DIRECTIONS: Type out the listing below exactly. Pictures stay out of it.

ENTRIES SHOWN:
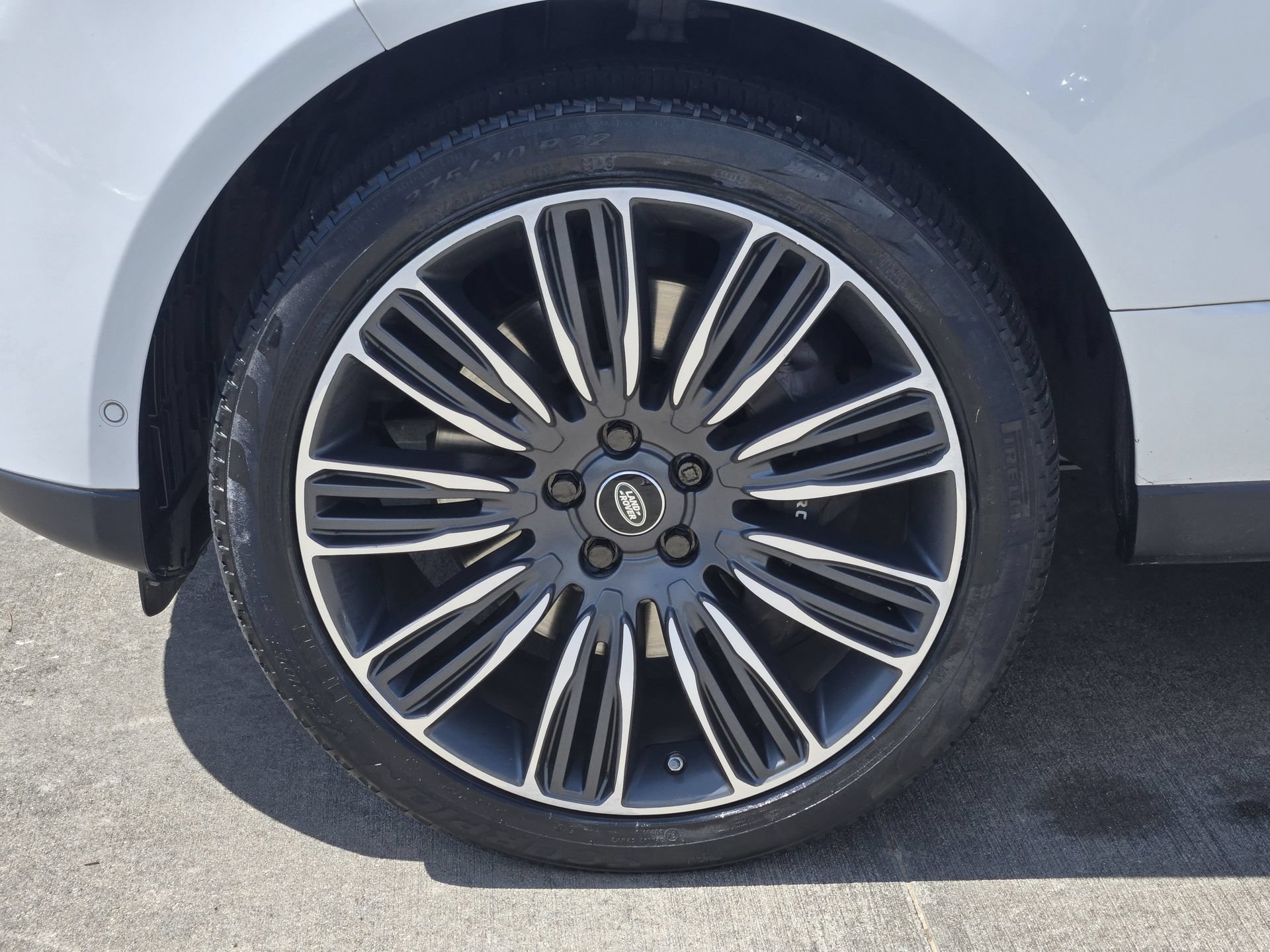 Used 2019 Land Rover Range Rover HSE AWD/4WD image 12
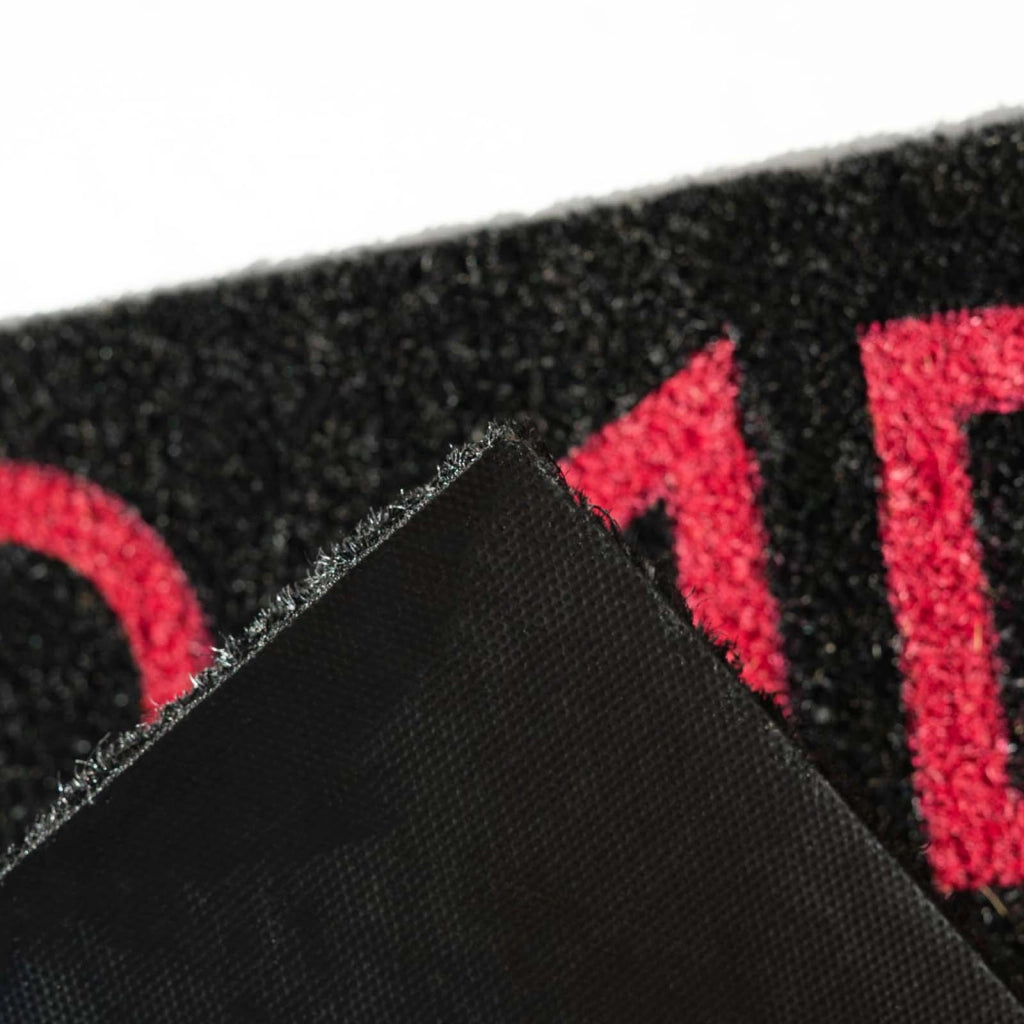 Zerbino Decorativo con Motivo Squid Game 40x60cm Antiscivolo Nero / Rosso Inny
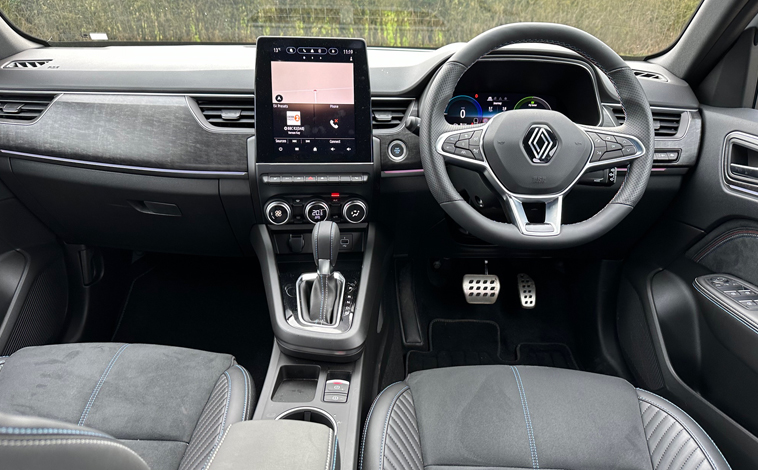 Renault Arkana interior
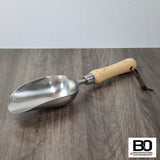 Scoop for feed/feces/litter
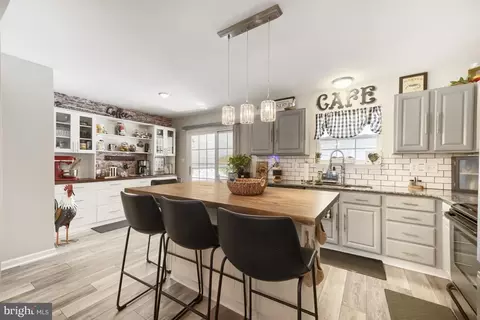 Kitchen - 2510 Sycamore Ave, Sparrows Point, MD 21219 photo 2 of 6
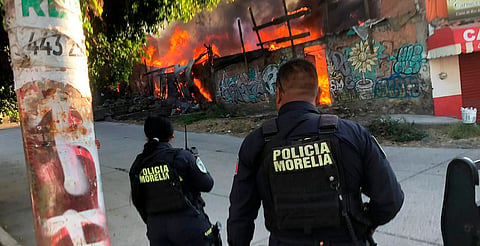 Policía asegura la zona para evitar riesgos
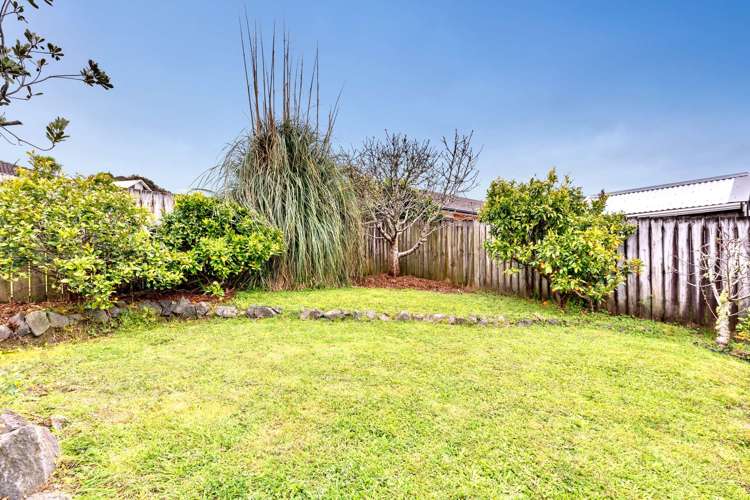 11 Te Kauri Place Helensville_24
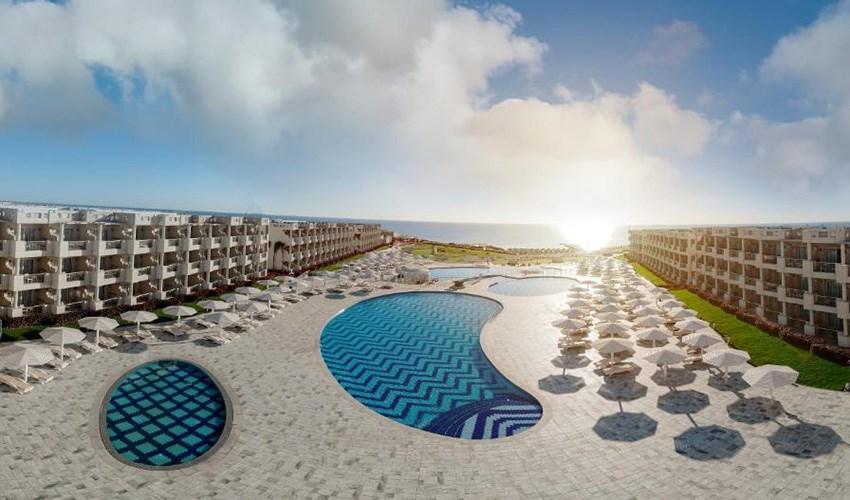 Sirena Beach Resort & Spa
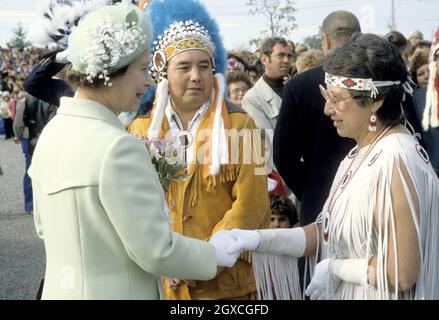 Königin Elizabeth II. Besucht das Six Nations Indian Reserve in Brantford, Ontario, während ihrer Königlichen Tour durch Kanada in Begleitung des Königlichen Herzogs von Edinburgh im September 1984. Stockfoto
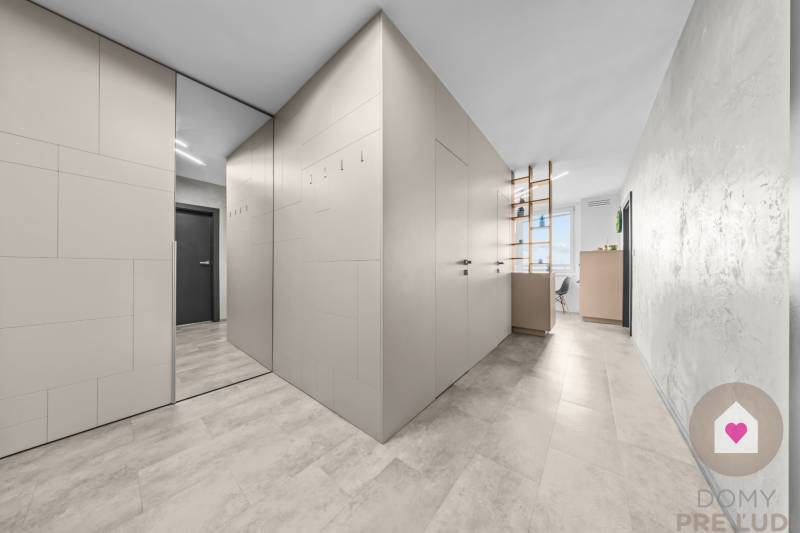 SENEC - 3-room modern renovated apartment in the center with a loggia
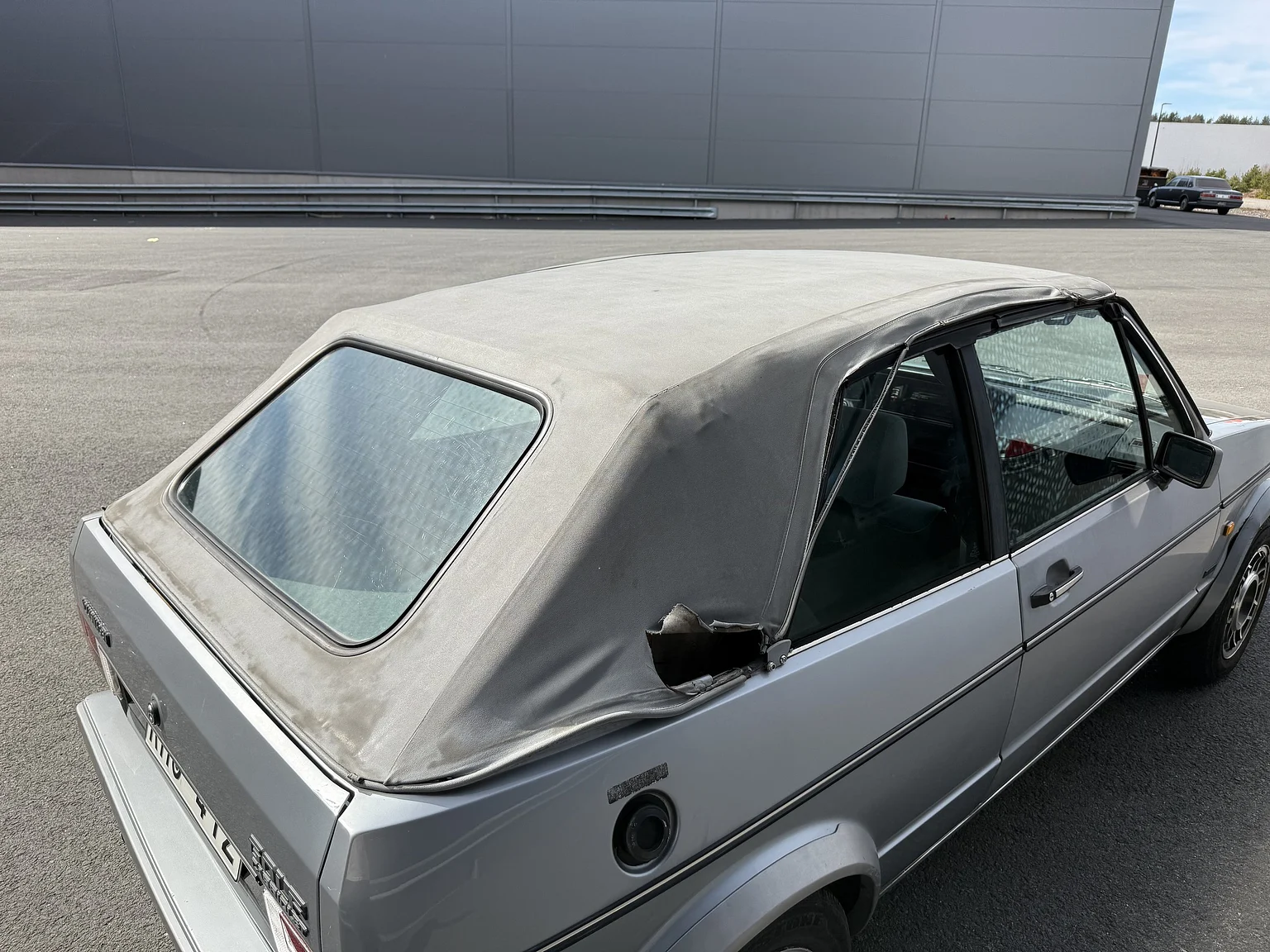 Exteriörbild på 1987 VW Golf Cabriolet (66)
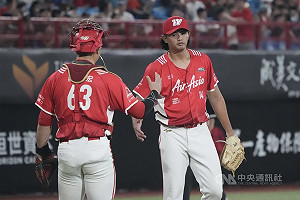 龍隊打擊爆發　兄弟開季15戰寫隊史最快12敗紀錄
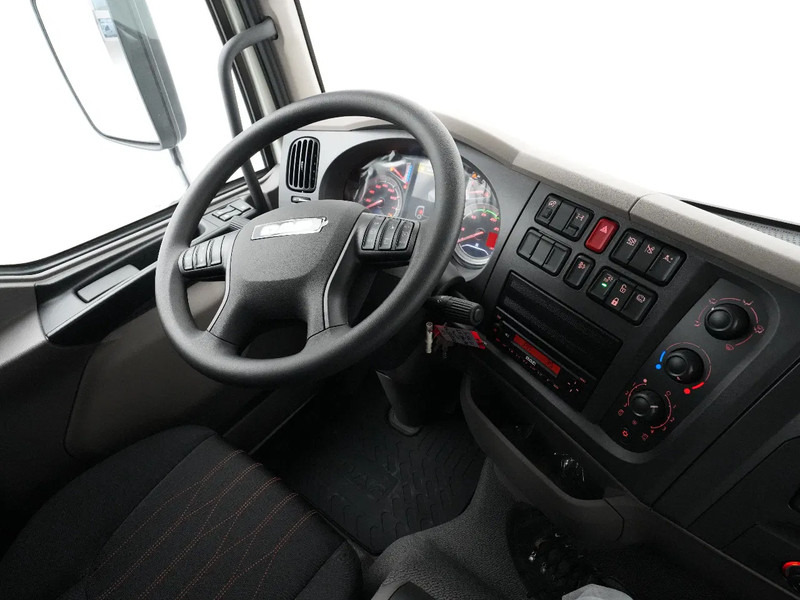 Interior photo 1: DAF LF 260 FA 12T CHASSIS SLEEPING CAB 610WB NEW DAF LF 260 FA 12T CHASSIS SLEEPING CAB 610WB NEW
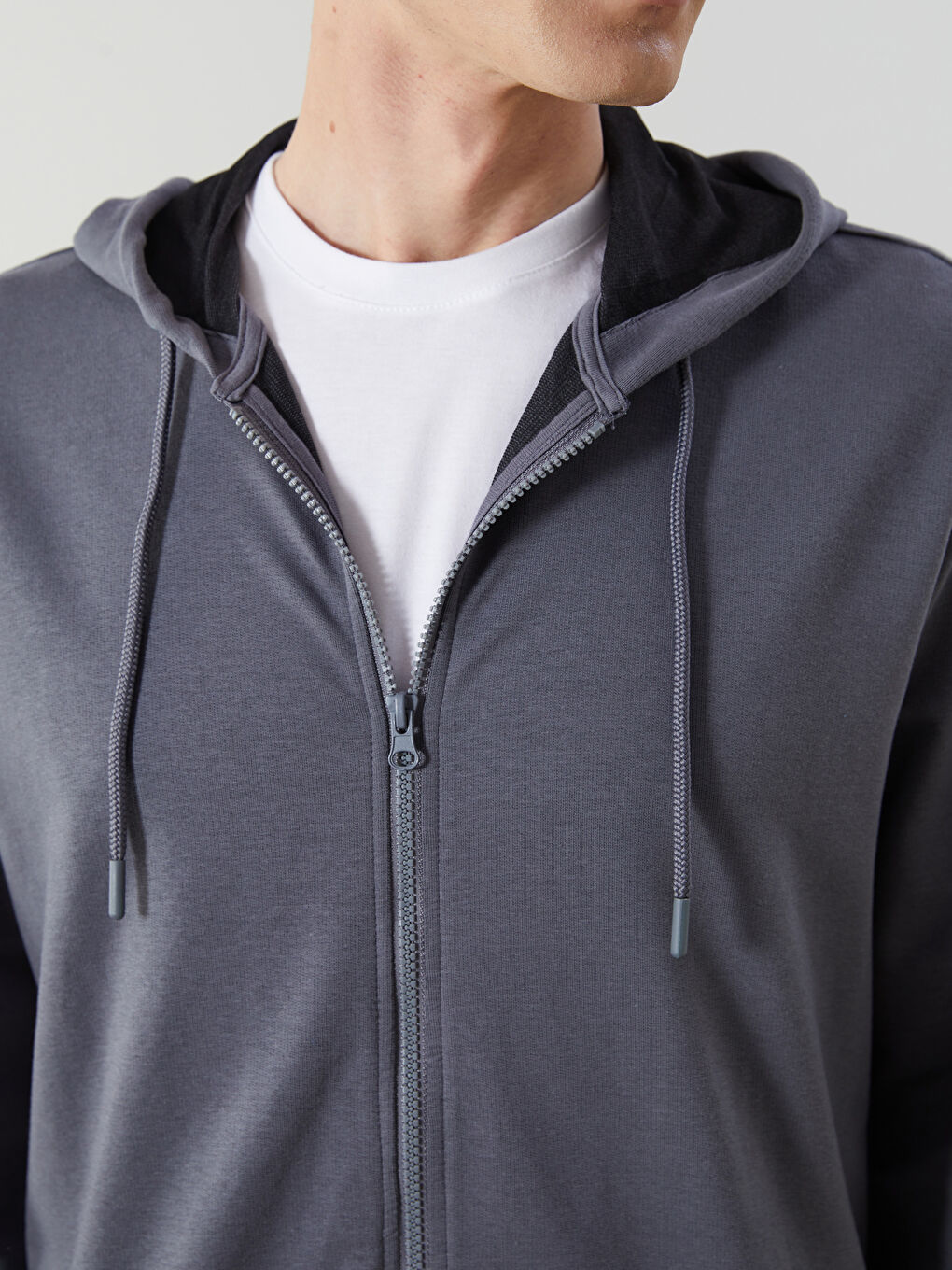 LCWAIKIKI Basic Hooded Long Sleeve Men's Zip-Up Sweatshirt -W52054Z8-YFG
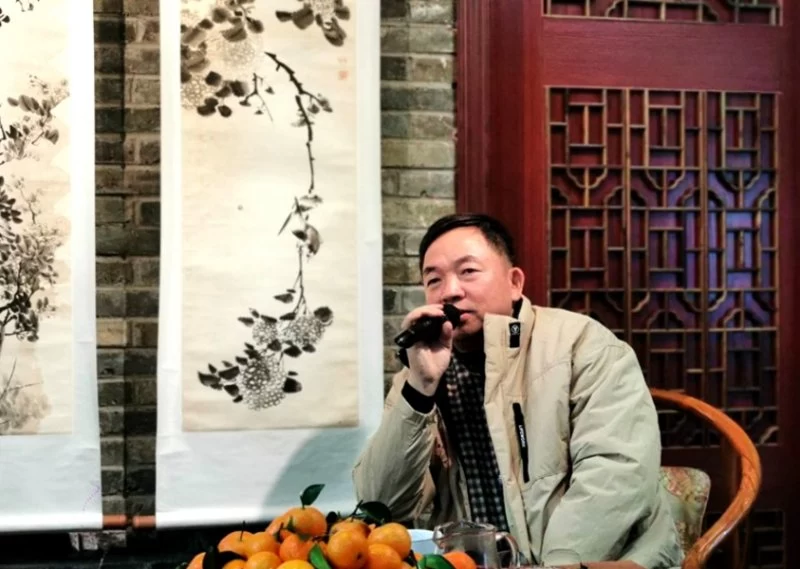 用方言呈现诗歌之美,岜莱诗会2021新年诗歌朗诵会在南宁举行(图2) 用方言呈现诗歌之美,岜莱诗会2021新年诗歌朗诵会在南宁举行(图2)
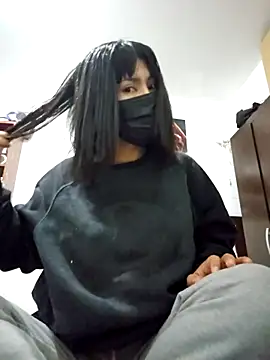 Snapshot of Latin_summer chatting on September 10, 2025, 11:04 pm Latin summer online show from September 10, 2025, 11:04 pm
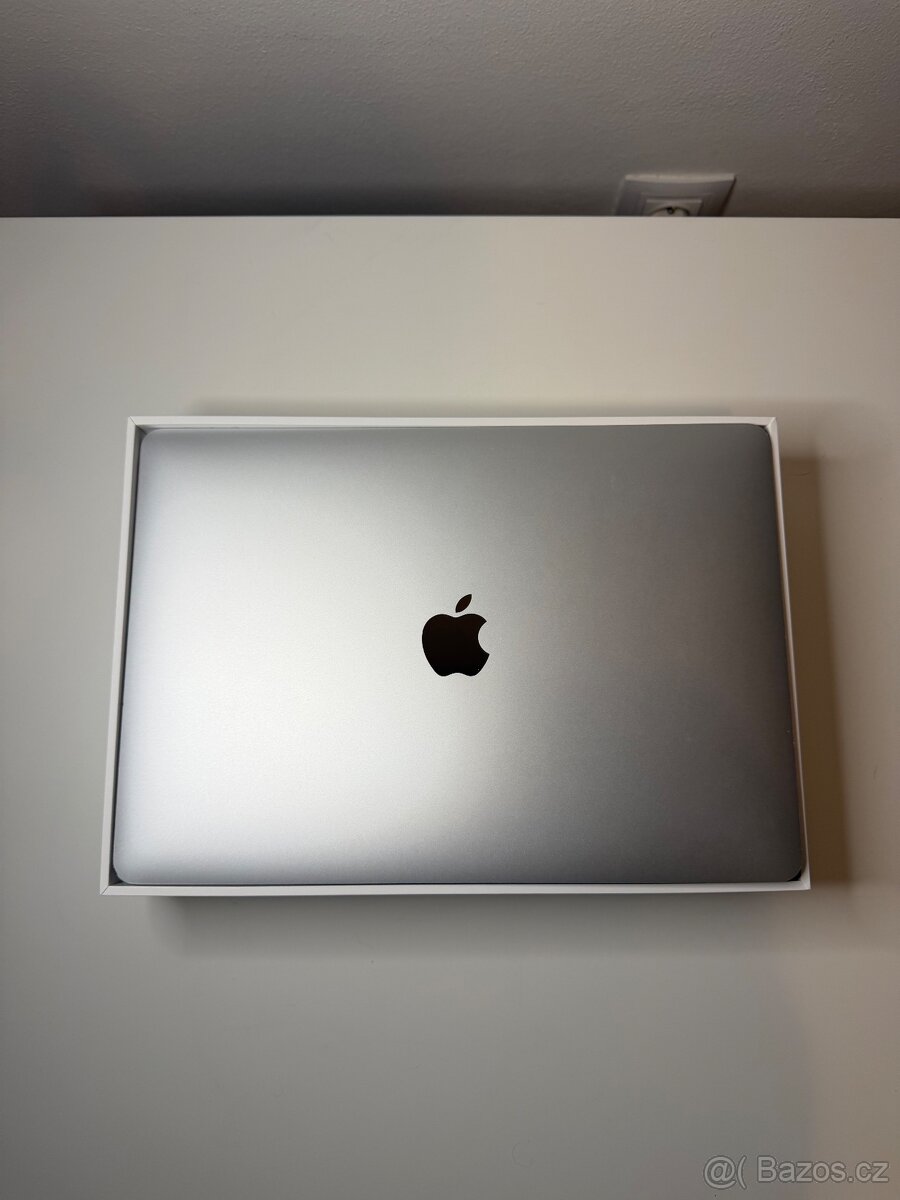MacBook Air 13" 2018 i5 / 8GB / 256GB - 2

ANSWER TO THE PROBLEM:
 Used 2019 Land Rover Range Rover HSE AWD/4WD image 12
 Zerbino Decorativo con Motivo Squid Game 40x60cm Antiscivolo Nero / Rosso Inny
 Renault Arkana interior
 Scoop for feed/feces/litter
 Kitchen - 2510 Sycamore Ave, Sparrows Point, MD 21219 photo 2 of 6
 Policía asegura la zona para evitar riesgos
 11 Te Kauri Place Helensville_24
 Sirena Beach Resort & Spa
 Königin Elizabeth II. Besucht das Six Nations Indian Reserve in Brantford, Ontario, während ihrer Königlichen Tour durch Kanada in Begleitung des Königlichen Herzogs von Edinburgh im September 1984. Stockfoto
 SENEC - 3-room modern renovated apartment in the center with a loggia
 Exteriörbild på 1987 VW Golf Cabriolet (66)
 龍隊打擊爆發　兄弟開季15戰寫隊史最快12敗紀錄
 Interior photo 1: DAF LF 260 FA 12T CHASSIS SLEEPING CAB 610WB NEW DAF LF 260 FA 12T CHASSIS SLEEPING CAB 610WB NEW
 LCWAIKIKI Basic Hooded Long Sleeve Men's Zip-Up Sweatshirt -W52054Z8-YFG
 用方言呈现诗歌之美,岜莱诗会2021新年诗歌朗诵会在南宁举行(图2) 用方言呈现诗歌之美,岜莱诗会2021新年诗歌朗诵会在南宁举行(图2)
 Snapshot of Latin_summer chatting on September 10, 2025, 11:04 pm Latin summer online show from September 10, 2025, 11:04 pm
MacBook Air 13" 2018 i5 / 8GB / 256GB - 2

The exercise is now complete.